Since oil shale seems to be such a marginally viable resource, why bring it up? Because the Bush Administration, in another ill-advised, last-minute regulation, has decided it’s time to start getting the federal government in the business of supporting oil shale in a big way.
A week ago Monday, the Bureau of Land Management announced that 1.9 million acres of federally owned land in Wyoming, Utah, and Colorado will soon be open for oil shale development.
As Matt Madia points out over at Reg•Watch, BLM and the White House moved quickly to finalize this decision before the Congressional Review Act could have given Congress a chance to weigh in on the “midnight regulation:”
BLM proposed the rule in July and, after the public comment period closed, began moving with great haste to ensure the rule would be final by the time President Bush leaves office. On Nov. 3, BLM sent a draft of a final rule to the White House Office of Management and Budget for the customary review period. OMB approved the rule Nov. 7 — just four days later. The average review time is about two months.

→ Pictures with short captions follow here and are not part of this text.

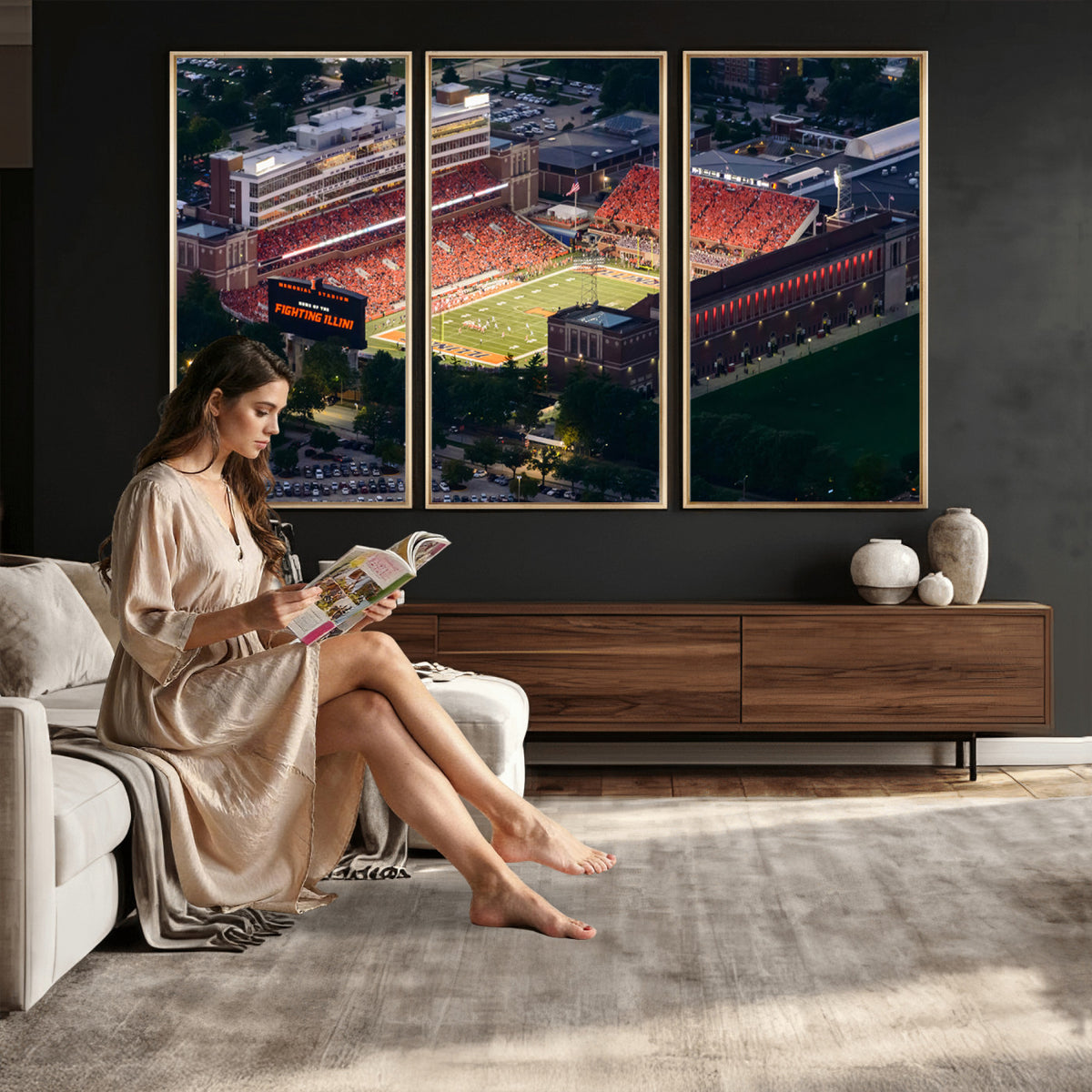 78052-MGV-CV-36X24 - University of Illinois Fighting Illini Football Team Print - Champaign Illinois Memorial Stadium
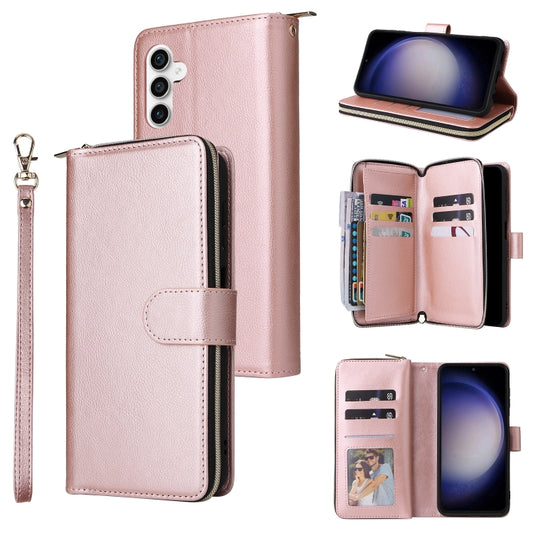 For Samsung Galaxy S23 FE 5G 9-Card Slots Zipper Wallet Bag Leather Phone Case(Rose Gold) - Galaxy S23 FE 5G Cases by buy2fix | Online Shopping UK | buy2fix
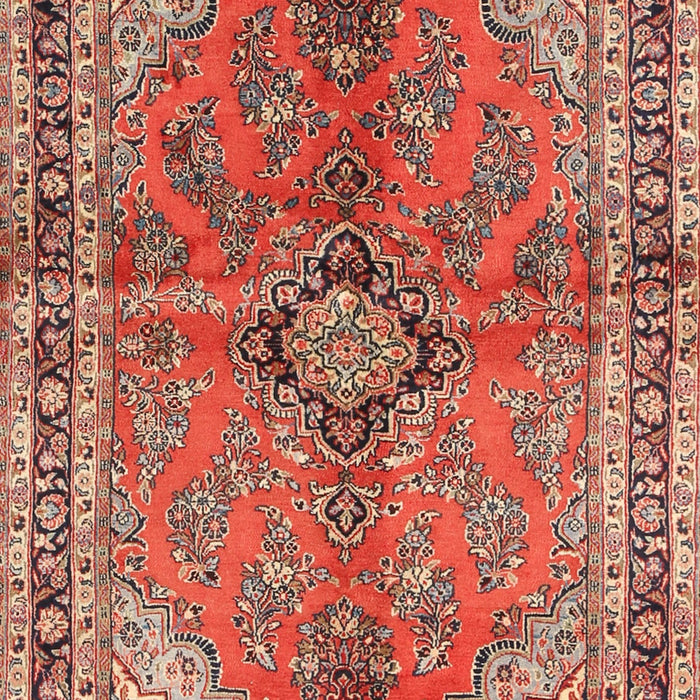 Traditional Tangerine Pink Medallion Rug, tr3357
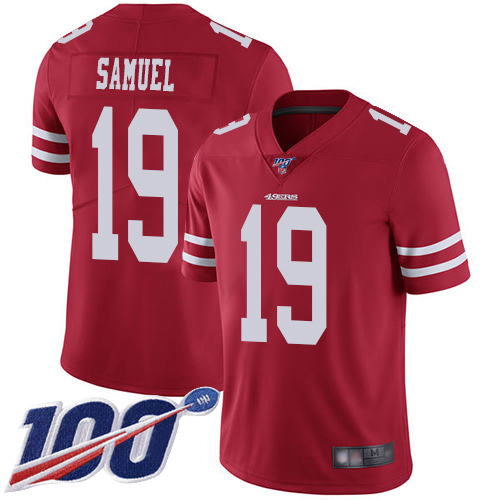 San Francisco 49ers Limited Red Men Deebo Samuel Home NFL Jersey #19 100th Season Vapor Untouchable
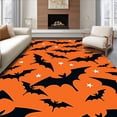 thumbnail image 1 of ODIKA 6'x9' Machine Washable Non-Slip Area Rug, Spooky Bat Festival Tree High Traffic Rug with Pad, Orange, 630844, 1 of 8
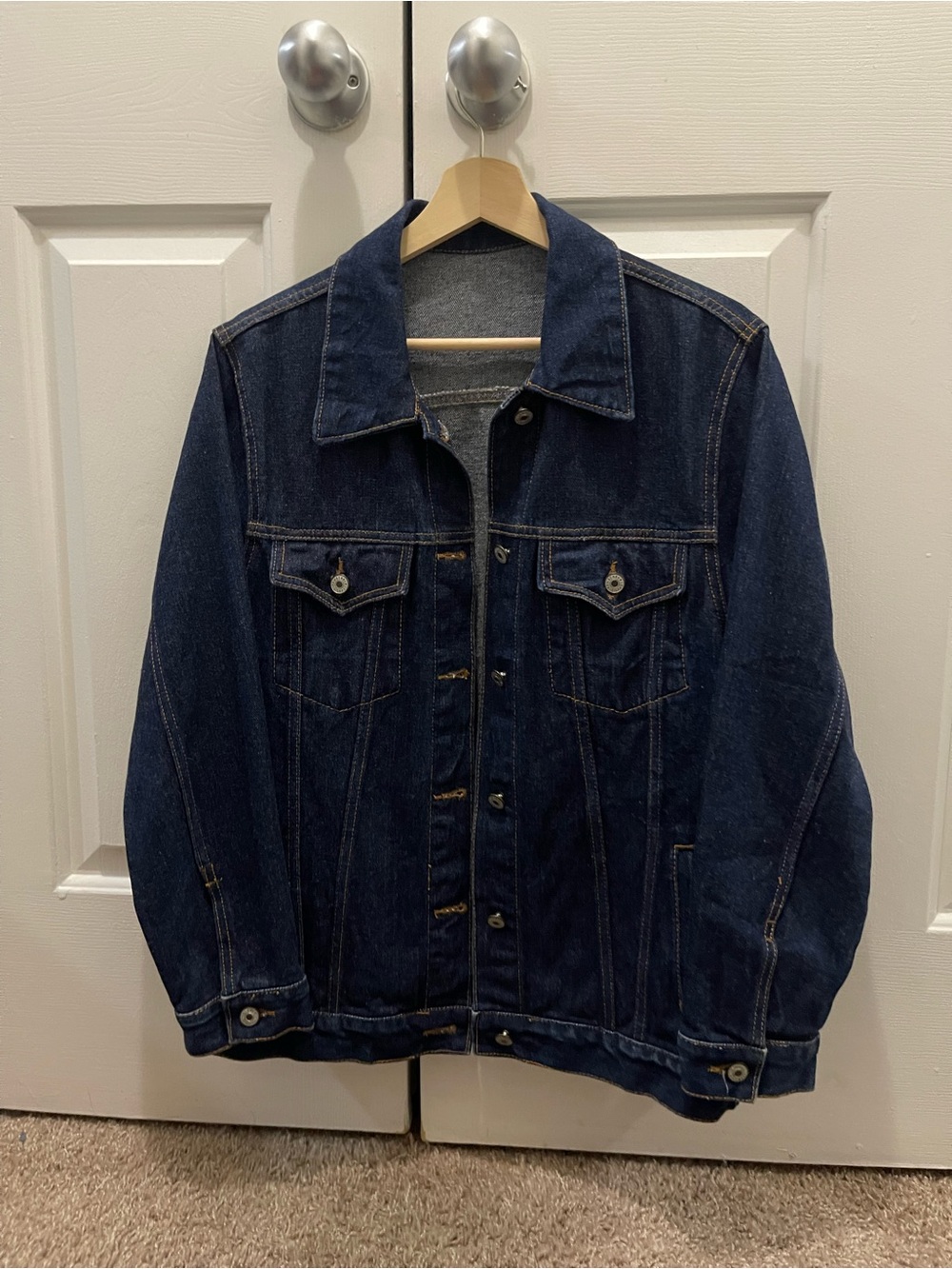 Classic Dark Blue Denim Jacket - Men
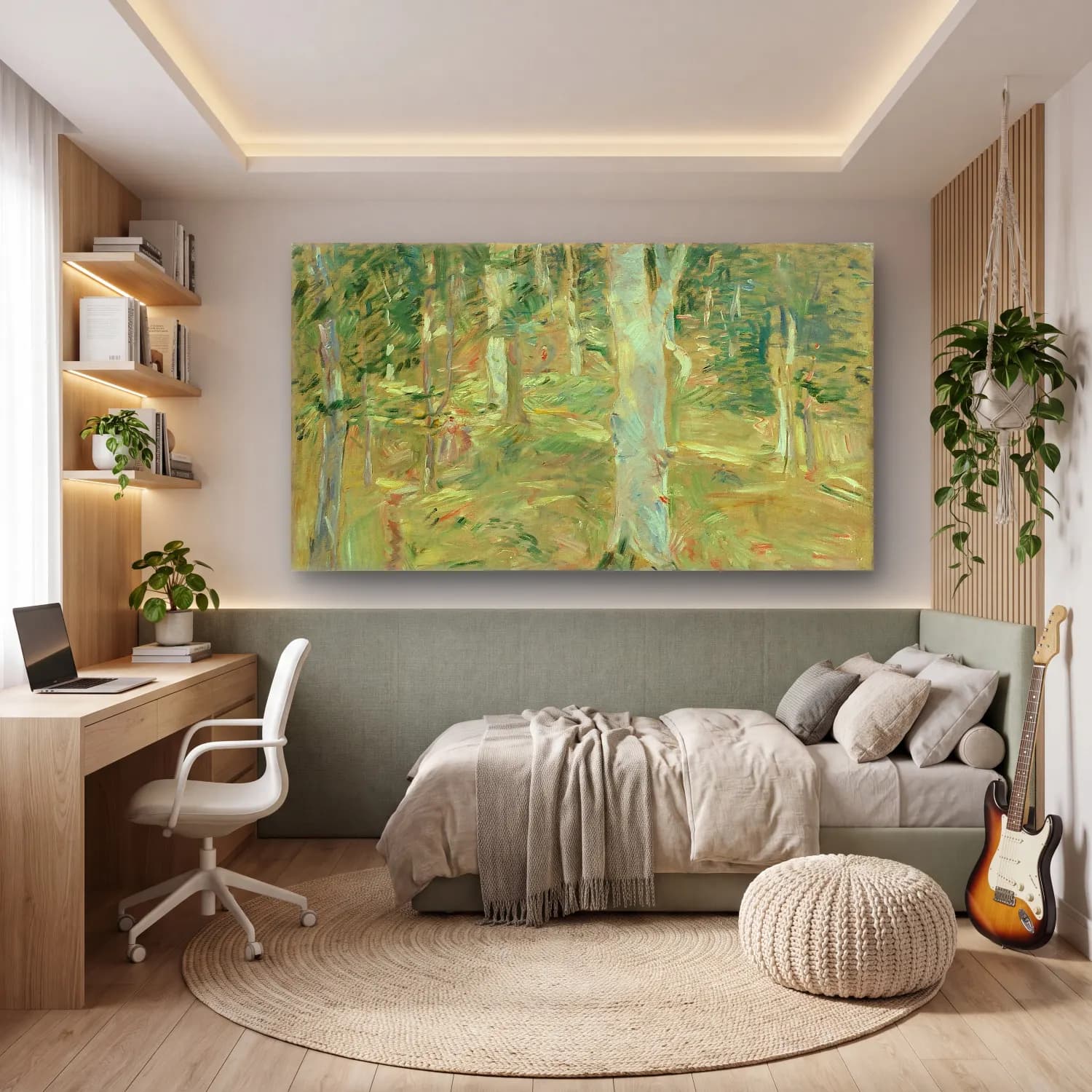 Berthe Morisot – Forêt de Compiègne – Yeşil Tonlar cam tablo — genç odasında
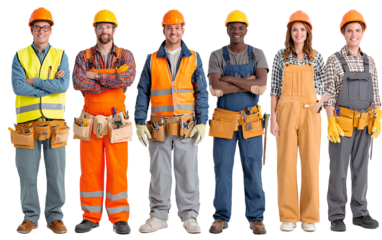 Five male construction workers, standing in different poses and dressed in orange safety and grey pants, against a transparent background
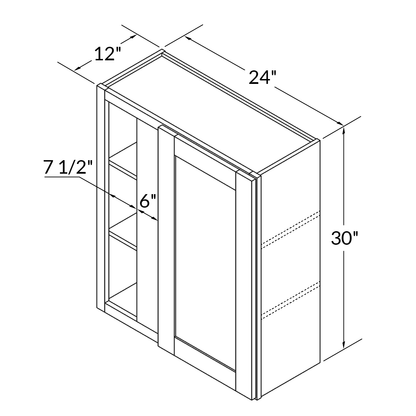 Square Corner Wall Blind Reversible Kitchen Cabinet SC2430 Milan Pearl LessCare 24 in. width 30 in. height 12 in. depth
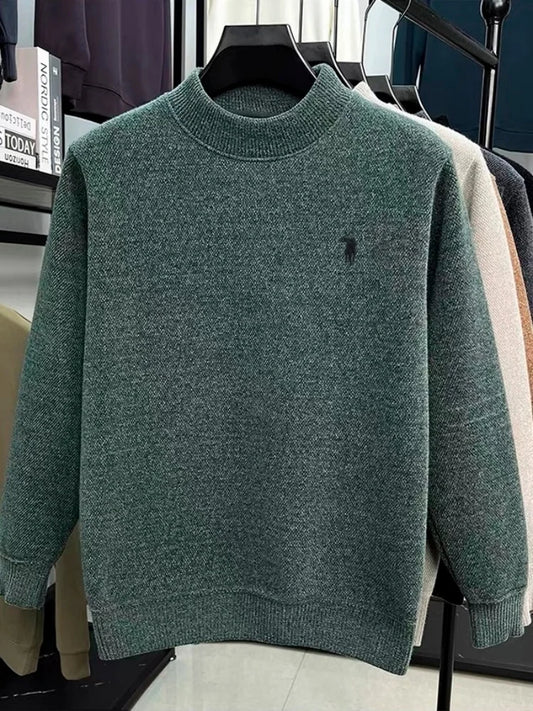 Personalized Mens Exquisite Brand Paul Classic Embroidered Comfortable Knitted Sweater Autumn Winter New Velvet Warm Long Sleeve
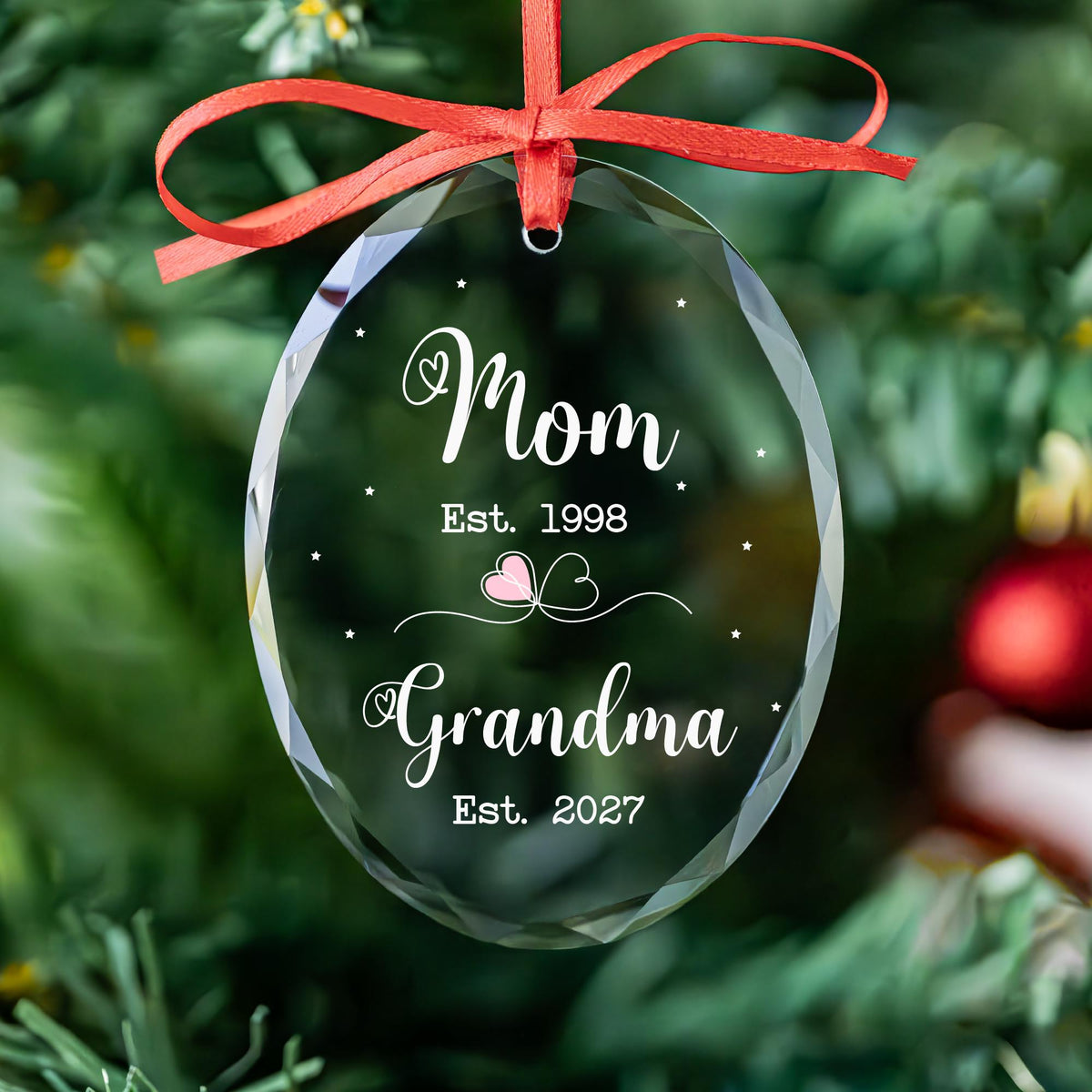 Promoted to auntie ornament in round, heart and oval glass shapes
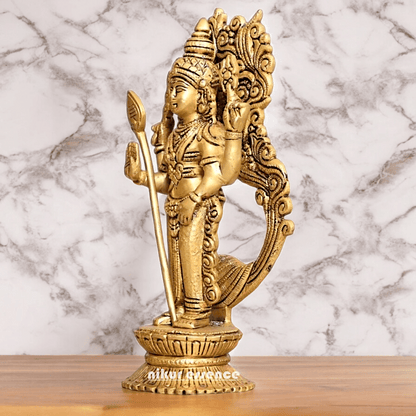 Buy brass 20 cm Murugan Statue with Intricate Details - Handcrafted South Indian Hindu Deity Nikuressence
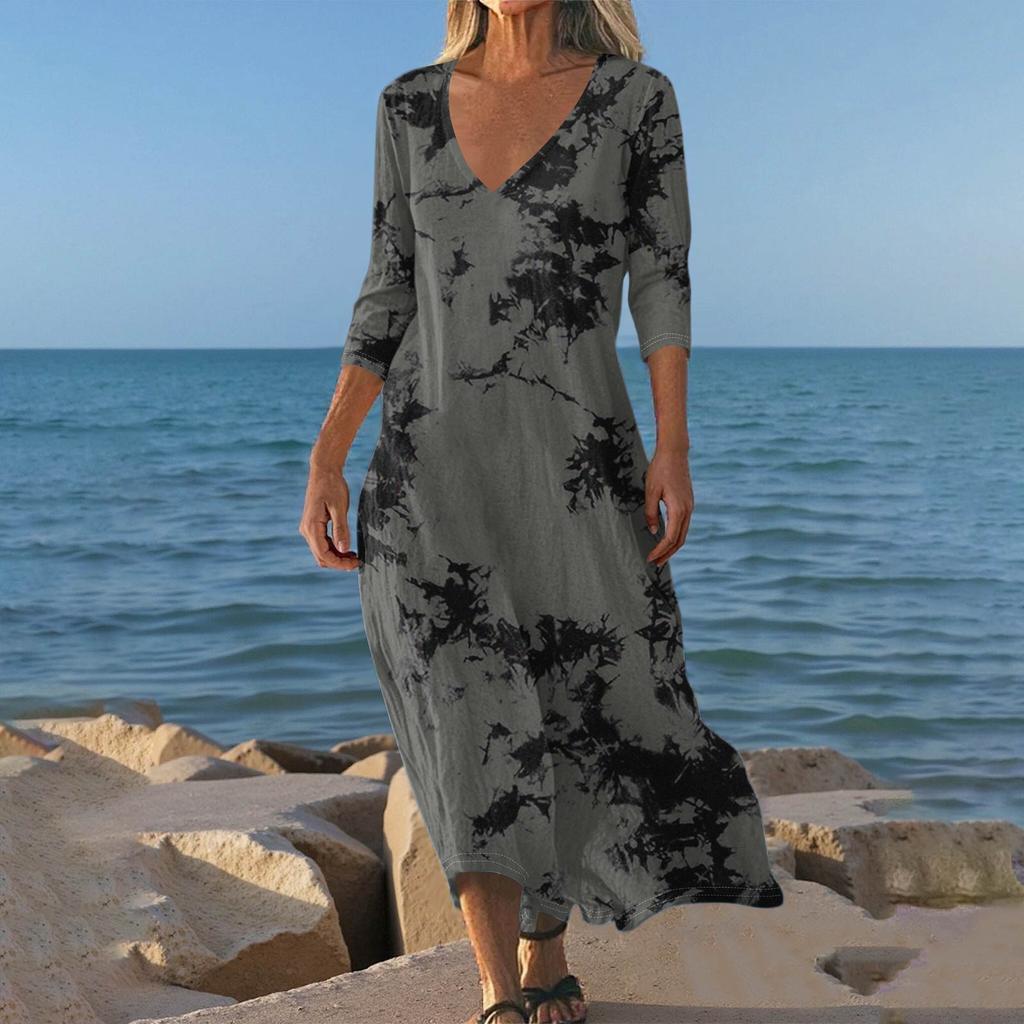 Dresses For Womens Vintage Print Tunic Waisted Midi Dress Summer Casual 3/4 Sleeve Dress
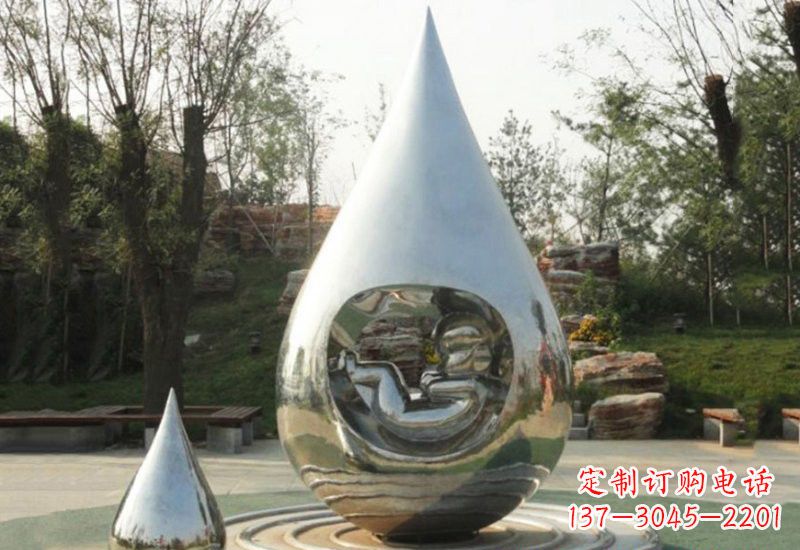 太原不锈钢水滴雕塑缔造生命之源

But what’s more disturbing than the speed with which OMB reviewed this major new program is that the federal government is seriously considering oil shale as a legitimate piece of our federal energy policy. Unlike the early 1900s, or even the 1970s, solar, wind, and geothermal power are viable large-scale energy sources at the same price as oil shale. There’s just no reason for investing any more resources in carbon-intensive energy like oil shale.